TASK DETAILS >> Return the data. Every word must match.

----- RECORDS FOR THE EXERCISE -----

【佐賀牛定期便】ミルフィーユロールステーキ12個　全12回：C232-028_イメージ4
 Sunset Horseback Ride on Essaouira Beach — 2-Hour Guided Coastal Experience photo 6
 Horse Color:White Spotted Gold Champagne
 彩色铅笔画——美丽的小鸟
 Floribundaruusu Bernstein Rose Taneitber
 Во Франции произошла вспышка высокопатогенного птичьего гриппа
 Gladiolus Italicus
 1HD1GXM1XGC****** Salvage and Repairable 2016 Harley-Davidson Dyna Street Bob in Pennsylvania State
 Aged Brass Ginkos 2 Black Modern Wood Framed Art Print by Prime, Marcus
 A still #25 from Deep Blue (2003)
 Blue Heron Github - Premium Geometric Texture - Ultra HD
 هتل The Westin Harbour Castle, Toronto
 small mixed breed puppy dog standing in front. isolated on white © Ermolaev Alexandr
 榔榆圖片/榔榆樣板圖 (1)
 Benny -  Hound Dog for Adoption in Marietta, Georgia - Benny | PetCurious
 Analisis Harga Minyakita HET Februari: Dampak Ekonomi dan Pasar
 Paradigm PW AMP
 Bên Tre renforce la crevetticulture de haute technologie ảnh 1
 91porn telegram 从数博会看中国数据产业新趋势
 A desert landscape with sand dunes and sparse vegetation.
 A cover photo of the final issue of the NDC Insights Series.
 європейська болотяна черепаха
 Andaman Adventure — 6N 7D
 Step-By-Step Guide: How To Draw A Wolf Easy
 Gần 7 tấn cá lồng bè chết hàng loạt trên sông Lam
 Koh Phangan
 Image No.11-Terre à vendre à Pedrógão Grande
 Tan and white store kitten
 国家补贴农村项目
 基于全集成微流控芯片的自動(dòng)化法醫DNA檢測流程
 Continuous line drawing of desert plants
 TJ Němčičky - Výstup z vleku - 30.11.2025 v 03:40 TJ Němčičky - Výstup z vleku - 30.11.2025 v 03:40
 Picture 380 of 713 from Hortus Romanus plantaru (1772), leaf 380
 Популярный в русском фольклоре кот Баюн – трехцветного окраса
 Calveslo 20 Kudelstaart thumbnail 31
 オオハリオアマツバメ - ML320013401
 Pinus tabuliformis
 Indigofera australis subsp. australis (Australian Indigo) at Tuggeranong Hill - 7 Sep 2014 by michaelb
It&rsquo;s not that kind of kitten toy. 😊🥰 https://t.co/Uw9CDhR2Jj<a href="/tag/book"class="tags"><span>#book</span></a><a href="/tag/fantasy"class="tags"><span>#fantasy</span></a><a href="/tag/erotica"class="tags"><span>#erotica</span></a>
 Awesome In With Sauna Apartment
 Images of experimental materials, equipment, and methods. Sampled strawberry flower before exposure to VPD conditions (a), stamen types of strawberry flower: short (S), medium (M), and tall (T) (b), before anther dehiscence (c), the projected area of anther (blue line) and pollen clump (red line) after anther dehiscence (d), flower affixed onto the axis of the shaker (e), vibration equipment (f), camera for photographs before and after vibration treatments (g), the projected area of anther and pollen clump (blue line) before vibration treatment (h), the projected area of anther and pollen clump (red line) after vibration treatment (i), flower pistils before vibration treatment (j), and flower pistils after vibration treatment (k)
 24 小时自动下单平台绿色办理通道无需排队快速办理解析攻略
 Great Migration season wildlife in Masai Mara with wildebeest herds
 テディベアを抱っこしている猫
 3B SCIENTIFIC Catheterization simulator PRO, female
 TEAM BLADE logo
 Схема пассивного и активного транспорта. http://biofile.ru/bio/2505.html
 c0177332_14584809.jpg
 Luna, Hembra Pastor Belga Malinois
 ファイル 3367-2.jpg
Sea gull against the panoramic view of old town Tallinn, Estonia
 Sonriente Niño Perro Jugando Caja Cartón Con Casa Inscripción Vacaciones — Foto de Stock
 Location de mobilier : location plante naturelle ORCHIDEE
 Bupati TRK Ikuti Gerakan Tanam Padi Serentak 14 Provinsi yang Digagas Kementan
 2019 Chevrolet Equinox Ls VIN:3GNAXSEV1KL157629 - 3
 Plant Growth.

-----

WRITTEN RESPONSE >>
【佐賀牛定期便】ミルフィーユロールステーキ12個　全12回：C232-028_イメージ4
 Sunset Horseback Ride on Essaouira Beach — 2-Hour Guided Coastal Experience photo 6
 Horse Color:White Spotted Gold Champagne
 彩色铅笔画——美丽的小鸟
 Floribundaruusu Bernstein Rose Taneitber
 Во Франции произошла вспышка высокопатогенного птичьего гриппа
 Gladiolus Italicus
 1HD1GXM1XGC****** Salvage and Repairable 2016 Harley-Davidson Dyna Street Bob in Pennsylvania State
 Aged Brass Ginkos 2 Black Modern Wood Framed Art Print by Prime, Marcus
 A still #25 from Deep Blue (2003)
 Blue Heron Github - Premium Geometric Texture - Ultra HD
 هتل The Westin Harbour Castle, Toronto
 small mixed breed puppy dog standing in front. isolated on white © Ermolaev Alexandr
 榔榆圖片/榔榆樣板圖 (1)
 Benny -  Hound Dog for Adoption in Marietta, Georgia - Benny | PetCurious
 Analisis Harga Minyakita HET Februari: Dampak Ekonomi dan Pasar
 Paradigm PW AMP
 Bên Tre renforce la crevetticulture de haute technologie ảnh 1
 91porn telegram 从数博会看中国数据产业新趋势
 A desert landscape with sand dunes and sparse vegetation.
 A cover photo of the final issue of the NDC Insights Series.
 європейська болотяна черепаха
 Andaman Adventure — 6N 7D
 Step-By-Step Guide: How To Draw A Wolf Easy
 Gần 7 tấn cá lồng bè chết hàng loạt trên sông Lam
 Koh Phangan
 Image No.11-Terre à vendre à Pedrógão Grande
 Tan and white store kitten
 国家补贴农村项目
 基于全集成微流控芯片的自動(dòng)化法醫DNA檢測流程
 Continuous line drawing of desert plants
 TJ Němčičky - Výstup z vleku - 30.11.2025 v 03:40 TJ Němčičky - Výstup z vleku - 30.11.2025 v 03:40
 Picture 380 of 713 from Hortus Romanus plantaru (1772), leaf 380
 Популярный в русском фольклоре кот Баюн – трехцветного окраса
 Calveslo 20 Kudelstaart thumbnail 31
 オオハリオアマツバメ - ML320013401
 Pinus tabuliformis
 Indigofera australis subsp. australis (Australian Indigo) at Tuggeranong Hill - 7 Sep 2014 by michaelb
It&rsquo;s not that kind of kitten toy. 😊🥰 https://t.co/Uw9CDhR2Jj<a href="/tag/book"class="tags"><span>#book</span></a><a href="/tag/fantasy"class="tags"><span>#fantasy</span></a><a href="/tag/erotica"class="tags"><span>#erotica</span></a>
 Awesome In With Sauna Apartment
 Images of experimental materials, equipment, and methods. Sampled strawberry flower before exposure to VPD conditions (a), stamen types of strawberry flower: short (S), medium (M), and tall (T) (b), before anther dehiscence (c), the projected area of anther (blue line) and pollen clump (red line) after anther dehiscence (d), flower affixed onto the axis of the shaker (e), vibration equipment (f), camera for photographs before and after vibration treatments (g), the projected area of anther and pollen clump (blue line) before vibration treatment (h), the projected area of anther and pollen clump (red line) after vibration treatment (i), flower pistils before vibration treatment (j), and flower pistils after vibration treatment (k)
 24 小时自动下单平台绿色办理通道无需排队快速办理解析攻略
 Great Migration season wildlife in Masai Mara with wildebeest herds
 テディベアを抱っこしている猫
 3B SCIENTIFIC Catheterization simulator PRO, female
 TEAM BLADE logo
 Схема пассивного и активного транспорта. http://biofile.ru/bio/2505.html
 c0177332_14584809.jpg
 Luna, Hembra Pastor Belga Malinois
 ファイル 3367-2.jpg
Sea gull against the panoramic view of old town Tallinn, Estonia
 Sonriente Niño Perro Jugando Caja Cartón Con Casa Inscripción Vacaciones — Foto de Stock
 Location de mobilier : location plante naturelle ORCHIDEE
 Bupati TRK Ikuti Gerakan Tanam Padi Serentak 14 Provinsi yang Digagas Kementan
 2019 Chevrolet Equinox Ls VIN:3GNAXSEV1KL157629 - 3
 Plant Growth.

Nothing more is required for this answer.